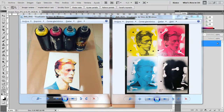Hi guys, my name is Mesk and this is a brief tutorial on how to separate the layers and the colors to do a linear halftone CMYK stencil like this of David Bowie. So let's get started.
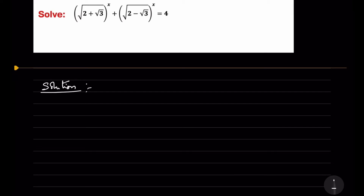Hello friends, let us solve this Olympiad problem. What is given in this problem? Solve: (√(2+√3))^x + (√(2-√3))^x = 4.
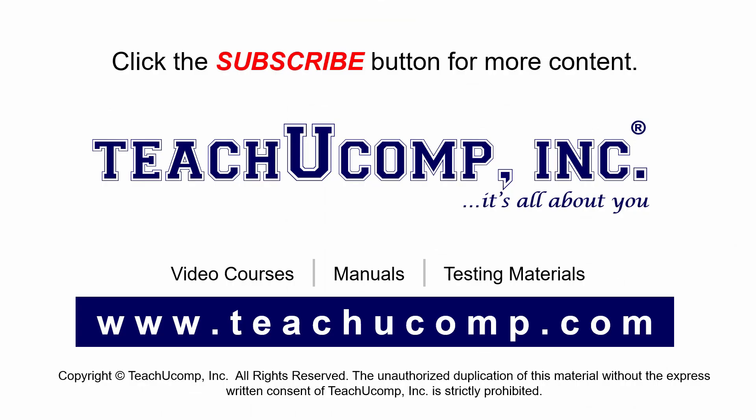Remember to click the Subscribe button to see more of our videos. For more videos, get ad free courses at teachucomp.com.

- Your instructions -
With pictures excluded, the material is to be written out exactly as given.

- Written response -
Hi guys, my name is Mesk and this is a brief tutorial on how to separate the layers and the colors to do a linear halftone CMYK stencil like this of David Bowie. So let's get started.
Hello friends, let us solve this Olympiad problem. What is given in this problem? Solve: (√(2+√3))^x + (√(2-√3))^x = 4.
Remember to click the Subscribe button to see more of our videos. For more videos, get ad free courses at teachucomp.com.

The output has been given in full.